THE TASK: Pictures aside, can you reproduce the records word for word?

[Start of Attachment]

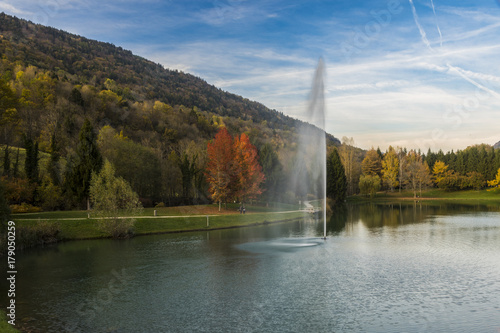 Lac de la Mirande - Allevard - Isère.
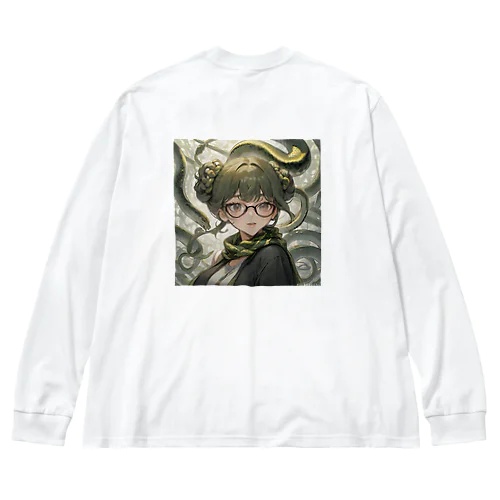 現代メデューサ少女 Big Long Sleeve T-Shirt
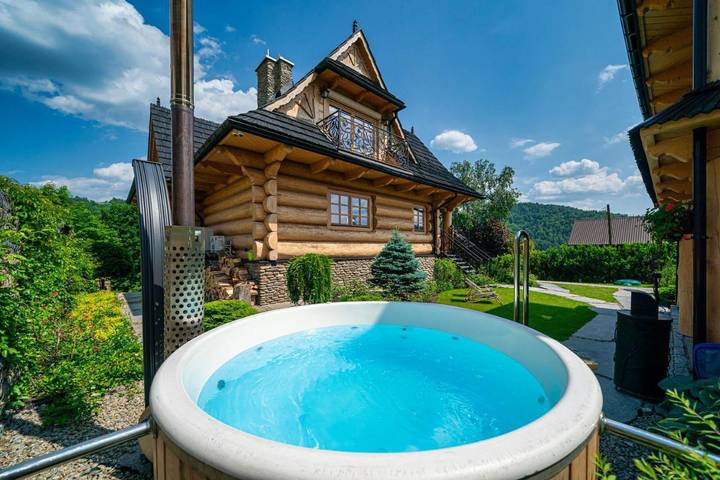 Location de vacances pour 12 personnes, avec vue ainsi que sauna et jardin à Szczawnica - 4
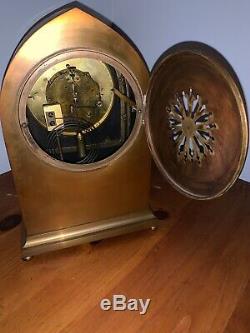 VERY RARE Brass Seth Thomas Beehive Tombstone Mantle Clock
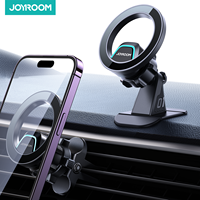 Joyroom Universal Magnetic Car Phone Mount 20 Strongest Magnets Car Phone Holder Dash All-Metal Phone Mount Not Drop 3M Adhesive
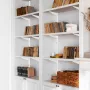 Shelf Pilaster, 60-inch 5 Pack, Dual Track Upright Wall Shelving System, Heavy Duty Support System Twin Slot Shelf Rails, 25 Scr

[End of Attachment]

RESPONSE FOR THIS EXERCISE:
 Lac de la Mirande - Allevard - Isère.
 現代メデューサ少女 Big Long Sleeve T-Shirt
 Location de vacances pour 12 personnes, avec vue ainsi que sauna et jardin à Szczawnica - 4
 VERY RARE Brass Seth Thomas Beehive Tombstone Mantle Clock
 Joyroom Universal Magnetic Car Phone Mount 20 Strongest Magnets Car Phone Holder Dash All-Metal Phone Mount Not Drop 3M Adhesive
 Shelf Pilaster, 60-inch 5 Pack, Dual Track Upright Wall Shelving System, Heavy Duty Support System Twin Slot Shelf Rails, 25 Scr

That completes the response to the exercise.